Dependencies are cached per request: if get_db is in three deps in the same request, you get one session. To opt out: Depends(get_db, use_cache=False).

09

Async vs Sync — When Each Runs

FastAPI runs async path operations on the event loop. Sync ones run in a thread pool (anyio). Mixing is fine; getting the boundary right is the difference between fast and stalled.

The decision tree

  • All your I/O is async-aware (httpx, asyncpg, aiokafka) → declare async def and await normally
  • Some I/O is sync-only (psycopg2, requests, openai with the sync client) → declare the handler def; FastAPI runs it in the threadpool
  • Never mix blocking I/O inside an async def — one stalled handler stalls every other request on the loop

Async handler — fully async stack

import httpx

@app.get('/weather/{city}')
async def weather(city: str):
    async with httpx.AsyncClient(timeout=5) as c:
        r = await c.get(f'https://api.weather/{city}')
        r.raise_for_status()
        return r.json()

Sync handler — blocking work

import requests

@app.get('/legacy/{q}')
def legacy(q: str):              # def, not async def
    # runs in threadpool — main loop unblocked
    r = requests.get(f'https://legacy/{q}', timeout=5)
    return r.json()

Run sync work from async

from fastapi.concurrency import run_in_threadpool
from anyio import to_thread

@app.post('/render')
async def render(req: RenderReq):
    # CPU-bound or sync-only call from an async handler
    img = await run_in_threadpool(make_pdf, req)
    # equivalent:
    img2 = await to_thread.run_sync(make_pdf, req)
    return {'size': len(img)}

The classic foot-gun

# BAD — time.sleep blocks the event loop;
# every request to ANY endpoint stalls for 2s
@app.get('/slow')
async def slow():
    time.sleep(2)         # blocking!
    return {'ok': True}

# GOOD
import asyncio
@app.get('/slow')
async def slow():
    await asyncio.sleep(2)
    return {'ok': True}

CPU-bound?
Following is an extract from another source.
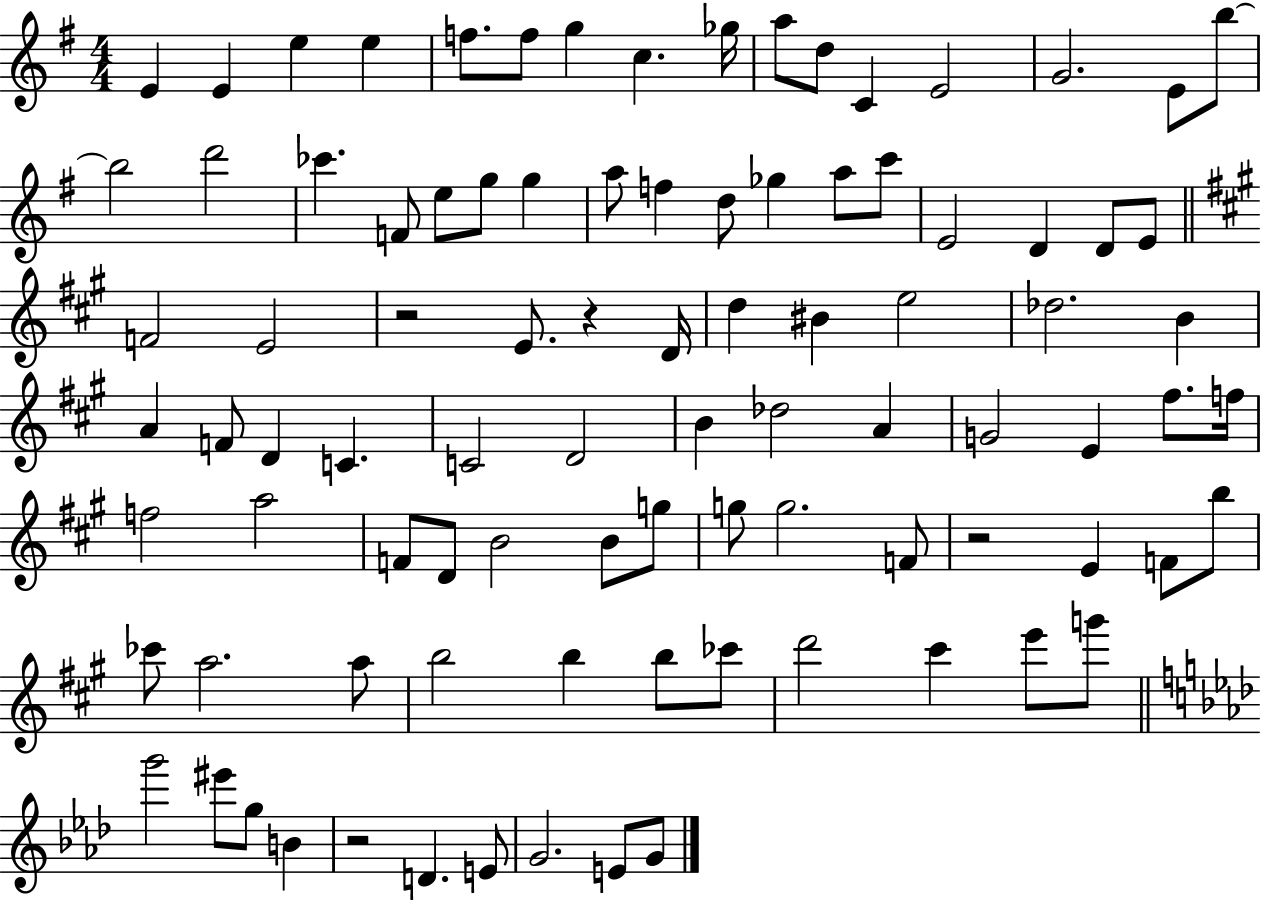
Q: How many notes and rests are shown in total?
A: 92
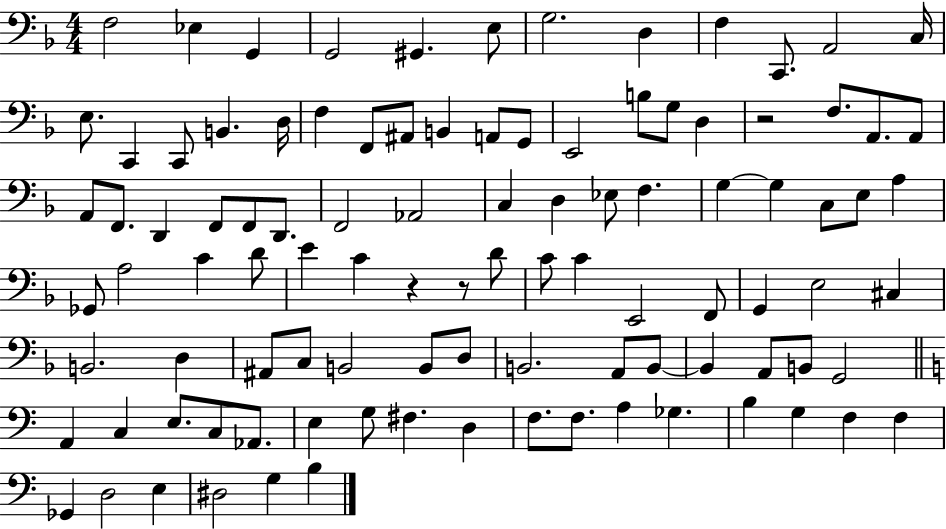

Off the loop entirely

  • Threads for short I/O wrappers (the threadpool default is 40 workers)
  • Process pool (concurrent.futures) for genuinely CPU-bound work — one process per core
  • Background queue (Celery, RQ, dramatiq, arq) when the work is > ~1 second or needs retries
  • GPU inference — async handler that awaits the model client; never block the loop on .generate()
10

Authentication

FastAPI ships security utilities — classes that double as dependencies and OpenAPI Security Schemes. The framework parses the right header / query / cookie; you decide how to verify.

OAuth2 password / JWT

from fastapi.security import OAuth2PasswordBearer
from jose import jwt, JWTError

oauth2_scheme = OAuth2PasswordBearer(tokenUrl='/auth/token')

def current_user(
    token: Annotated[str, Depends(oauth2_scheme)],
) -> User:
    try:
        payload = jwt.decode(token, settings.JWT_KEY,
                             algorithms=['HS256'],
                             audience=settings.AUD,
                             issuer=settings.ISS)
    except JWTError:
        raise HTTPException(401, 'invalid token')
    return User(**payload['user'])

@app.get('/users/me', response_model=User)
def me(user: Annotated[User, Depends(current_user)]):
    return user

Scopes

from fastapi.security import SecurityScopes

oauth2_scheme = OAuth2PasswordBearer(
    tokenUrl='/auth/token',
    scopes={'read': 'Read', 'write': 'Modify'})

def require_scopes(
    scopes: SecurityScopes,
    token: Annotated[str, Depends(oauth2_scheme)],
):
    payload = jwt.decode(token, ...)
    have = set(payload.get('scope', '').split())
    for s in scopes.scopes:
        if s not in have: raise HTTPException(403)
    return payload

@app.delete('/items/{id}')
def remove(id: int,
           _: Annotated[dict, Security(require_scopes,
                                        scopes=['write'])]):
    ...

API keys

from fastapi.security import APIKeyHeader

api_key = APIKeyHeader(name='X-API-Key', auto_error=False)

def require_api_key(
    key: Annotated[str | None, Depends(api_key)],
    db:  Annotated[Session, Depends(get_db)],
) -> APIKey:
    if not key: raise HTTPException(401)
    row = db.query(APIKey).filter_by(hash=sha256(key)).first()
    if not row or row.revoked: raise HTTPException(401)
    return row

What FastAPI gives you

  • Security utilitiesOAuth2*, APIKey*, HTTPBearer, HTTPBasic
  • OpenAPI security schemes auto-populated; "Authorize" button in Swagger
  • Composability — the security dep can have its own deps (DB, cache, logger)

What you bring

  • Token signing / verification — python-jose, authlib, or hit your IdP's JWKS
  • Password hashing — passlib[argon2] or argon2-cffi directly
  • Refresh-token rotation, idle timeouts, revocation lists
  • Rate limiting on the auth endpoints — FastAPI doesn't ship one
11

Errors, Exception Handlers & Middleware

FastAPI turns raised exceptions into HTTP responses. Hook in handlers for your own classes; add middleware for cross-cutting concerns — timing, request IDs, CORS.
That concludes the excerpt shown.